If you want to skip the ML stack and use only graph-based tools (semantic search disabled), install without the search deps:
```bash
pip install codevira --no-deps
pip install pyyaml mcp watchdog tree-sitter tree-sitter-language-pack rich uvicorn starlette pathspec
```
The `search_codebase` tool will be hidden from your AI agent; all other tools work normally.

---

## Background

Want to understand the full story behind why this was built, the design decisions, what didn't work, and how it compares to other tools in the ecosystem?

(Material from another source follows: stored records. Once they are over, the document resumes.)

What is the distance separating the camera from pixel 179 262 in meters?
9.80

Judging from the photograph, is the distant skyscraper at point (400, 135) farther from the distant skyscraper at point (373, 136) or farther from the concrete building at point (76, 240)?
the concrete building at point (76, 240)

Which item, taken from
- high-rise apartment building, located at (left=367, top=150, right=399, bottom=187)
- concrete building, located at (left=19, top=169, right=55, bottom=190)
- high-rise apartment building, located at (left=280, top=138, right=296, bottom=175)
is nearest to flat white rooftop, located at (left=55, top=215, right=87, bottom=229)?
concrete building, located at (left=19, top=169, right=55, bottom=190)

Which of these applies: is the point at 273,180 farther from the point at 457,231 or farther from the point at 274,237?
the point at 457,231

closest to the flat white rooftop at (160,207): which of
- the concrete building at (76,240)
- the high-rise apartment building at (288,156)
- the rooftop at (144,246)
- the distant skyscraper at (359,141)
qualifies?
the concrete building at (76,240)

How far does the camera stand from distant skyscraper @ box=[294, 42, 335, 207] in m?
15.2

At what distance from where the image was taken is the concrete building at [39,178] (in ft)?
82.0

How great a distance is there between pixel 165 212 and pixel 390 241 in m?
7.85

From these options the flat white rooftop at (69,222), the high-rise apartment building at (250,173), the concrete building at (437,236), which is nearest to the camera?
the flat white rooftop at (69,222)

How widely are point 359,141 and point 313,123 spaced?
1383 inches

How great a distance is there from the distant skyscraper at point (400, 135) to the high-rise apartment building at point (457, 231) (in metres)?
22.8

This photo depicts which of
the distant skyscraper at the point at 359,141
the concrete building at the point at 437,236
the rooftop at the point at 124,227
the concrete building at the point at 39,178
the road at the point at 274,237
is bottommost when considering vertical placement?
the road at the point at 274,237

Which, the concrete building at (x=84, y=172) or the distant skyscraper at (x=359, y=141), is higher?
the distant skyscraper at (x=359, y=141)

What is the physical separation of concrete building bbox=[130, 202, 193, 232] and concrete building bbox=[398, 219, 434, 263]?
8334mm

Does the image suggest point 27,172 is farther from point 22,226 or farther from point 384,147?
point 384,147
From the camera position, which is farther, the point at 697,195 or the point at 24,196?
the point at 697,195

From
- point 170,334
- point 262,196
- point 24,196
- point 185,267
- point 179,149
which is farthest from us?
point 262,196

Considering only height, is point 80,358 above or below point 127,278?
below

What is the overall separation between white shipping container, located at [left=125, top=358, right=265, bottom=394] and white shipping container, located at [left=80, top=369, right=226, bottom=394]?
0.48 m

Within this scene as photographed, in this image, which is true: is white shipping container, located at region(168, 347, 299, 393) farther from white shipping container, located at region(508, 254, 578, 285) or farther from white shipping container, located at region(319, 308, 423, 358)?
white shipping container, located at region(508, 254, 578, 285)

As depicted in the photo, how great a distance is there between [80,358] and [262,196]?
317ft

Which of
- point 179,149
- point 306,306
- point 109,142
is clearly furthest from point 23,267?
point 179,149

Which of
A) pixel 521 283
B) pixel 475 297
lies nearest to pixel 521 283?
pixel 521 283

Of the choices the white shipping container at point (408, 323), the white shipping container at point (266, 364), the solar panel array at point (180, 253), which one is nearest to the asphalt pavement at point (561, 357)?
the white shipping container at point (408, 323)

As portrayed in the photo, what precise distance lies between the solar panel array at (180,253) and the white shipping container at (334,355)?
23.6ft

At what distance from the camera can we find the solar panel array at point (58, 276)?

Read the full write-up: [How We Cut AI Coding Agent Token Usage by 92%](docs/how-i-built-persistent-memory-for-ai-agents.md)

---

## Contributing

Contributions are welcome. Read [CONTRIBUTING.md](CONTRIBUTING.md) for the full guide.

**Reporting a bug?** [Open a bug report](https://github.com/sachinshelke/codevira/issues/new?template=bug_report.md)
**Requesting a feature?** [Open a feature request](https://github.com/sachinshelke/codevira/issues/new?template=feature_request.md)
**Found a security issue?** Read [SECURITY.md](SECURITY.md) — please don't use public issues for vulnerabilities.

---

## FAQ

Common questions about setup, usage, architecture, and troubleshooting — see [FAQ.md](FAQ.md).

## Roadmap

See what's built, what's next, and the long-term vision — see [ROADMAP.md](ROADMAP.md).

## License

MIT — free to use, modify, and distribute.